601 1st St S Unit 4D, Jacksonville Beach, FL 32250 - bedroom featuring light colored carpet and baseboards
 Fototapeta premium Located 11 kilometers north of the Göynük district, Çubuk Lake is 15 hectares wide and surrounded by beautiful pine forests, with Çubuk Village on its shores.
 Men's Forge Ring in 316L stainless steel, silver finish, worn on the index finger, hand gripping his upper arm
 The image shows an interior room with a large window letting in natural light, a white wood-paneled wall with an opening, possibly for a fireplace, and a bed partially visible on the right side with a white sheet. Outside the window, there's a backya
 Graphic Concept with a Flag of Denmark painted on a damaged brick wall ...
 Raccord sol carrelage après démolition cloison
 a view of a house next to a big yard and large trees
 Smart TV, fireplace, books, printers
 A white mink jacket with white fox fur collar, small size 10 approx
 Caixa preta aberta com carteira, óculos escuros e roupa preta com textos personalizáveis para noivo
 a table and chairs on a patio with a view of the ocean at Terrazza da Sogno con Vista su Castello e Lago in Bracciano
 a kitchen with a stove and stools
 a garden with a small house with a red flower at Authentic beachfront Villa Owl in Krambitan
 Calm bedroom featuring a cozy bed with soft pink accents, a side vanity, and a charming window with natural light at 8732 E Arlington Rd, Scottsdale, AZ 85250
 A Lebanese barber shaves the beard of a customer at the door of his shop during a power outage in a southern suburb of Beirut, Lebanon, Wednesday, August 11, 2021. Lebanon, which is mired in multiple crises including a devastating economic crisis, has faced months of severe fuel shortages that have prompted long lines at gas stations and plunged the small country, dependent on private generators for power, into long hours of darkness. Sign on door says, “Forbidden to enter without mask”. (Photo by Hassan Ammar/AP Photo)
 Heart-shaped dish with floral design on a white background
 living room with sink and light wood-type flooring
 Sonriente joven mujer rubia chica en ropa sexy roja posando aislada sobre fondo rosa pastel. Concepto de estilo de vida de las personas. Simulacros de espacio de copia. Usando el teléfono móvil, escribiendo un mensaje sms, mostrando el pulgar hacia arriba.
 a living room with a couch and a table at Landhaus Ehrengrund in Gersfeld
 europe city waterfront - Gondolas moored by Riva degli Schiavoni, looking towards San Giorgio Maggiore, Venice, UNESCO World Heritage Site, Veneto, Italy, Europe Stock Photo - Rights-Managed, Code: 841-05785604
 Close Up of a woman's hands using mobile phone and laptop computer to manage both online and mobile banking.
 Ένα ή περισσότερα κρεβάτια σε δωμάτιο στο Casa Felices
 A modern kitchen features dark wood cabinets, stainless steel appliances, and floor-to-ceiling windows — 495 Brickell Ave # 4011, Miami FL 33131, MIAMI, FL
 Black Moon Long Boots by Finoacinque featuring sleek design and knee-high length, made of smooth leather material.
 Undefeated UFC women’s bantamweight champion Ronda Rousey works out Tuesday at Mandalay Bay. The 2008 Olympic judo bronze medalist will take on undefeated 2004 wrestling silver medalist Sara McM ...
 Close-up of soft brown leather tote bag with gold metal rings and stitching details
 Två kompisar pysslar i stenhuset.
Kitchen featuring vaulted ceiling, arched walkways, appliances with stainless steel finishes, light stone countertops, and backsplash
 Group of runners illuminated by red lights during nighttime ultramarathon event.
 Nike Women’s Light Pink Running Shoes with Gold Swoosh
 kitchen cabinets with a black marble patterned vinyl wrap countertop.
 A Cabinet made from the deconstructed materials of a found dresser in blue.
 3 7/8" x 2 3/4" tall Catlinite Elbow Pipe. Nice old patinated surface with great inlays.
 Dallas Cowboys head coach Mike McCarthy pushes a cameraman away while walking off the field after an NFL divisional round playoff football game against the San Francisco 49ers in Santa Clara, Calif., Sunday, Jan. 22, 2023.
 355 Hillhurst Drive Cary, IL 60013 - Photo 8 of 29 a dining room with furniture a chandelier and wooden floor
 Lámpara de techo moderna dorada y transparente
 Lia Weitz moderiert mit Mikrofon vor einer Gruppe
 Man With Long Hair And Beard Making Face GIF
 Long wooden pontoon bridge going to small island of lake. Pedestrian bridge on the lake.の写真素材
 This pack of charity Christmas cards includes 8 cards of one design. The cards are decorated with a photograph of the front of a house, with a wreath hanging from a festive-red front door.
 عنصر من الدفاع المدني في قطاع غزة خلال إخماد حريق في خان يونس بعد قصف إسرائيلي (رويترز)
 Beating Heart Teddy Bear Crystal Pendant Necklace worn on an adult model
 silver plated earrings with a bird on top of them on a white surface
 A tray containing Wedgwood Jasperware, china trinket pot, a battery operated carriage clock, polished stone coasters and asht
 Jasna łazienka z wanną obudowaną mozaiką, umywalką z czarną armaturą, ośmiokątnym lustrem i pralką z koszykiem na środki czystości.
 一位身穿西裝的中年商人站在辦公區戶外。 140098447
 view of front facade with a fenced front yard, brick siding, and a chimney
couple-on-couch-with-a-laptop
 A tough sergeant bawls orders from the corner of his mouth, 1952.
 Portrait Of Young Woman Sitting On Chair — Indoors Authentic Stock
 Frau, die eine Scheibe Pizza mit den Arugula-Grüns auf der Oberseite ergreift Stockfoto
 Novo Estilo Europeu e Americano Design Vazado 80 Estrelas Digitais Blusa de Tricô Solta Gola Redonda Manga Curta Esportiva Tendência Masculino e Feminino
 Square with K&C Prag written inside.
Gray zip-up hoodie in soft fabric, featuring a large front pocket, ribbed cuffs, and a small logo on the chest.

ASSIGNMENT:
A single number is asked for: how many lines in the entries above hold the string "surface".

EXPECTED ANSWER:
2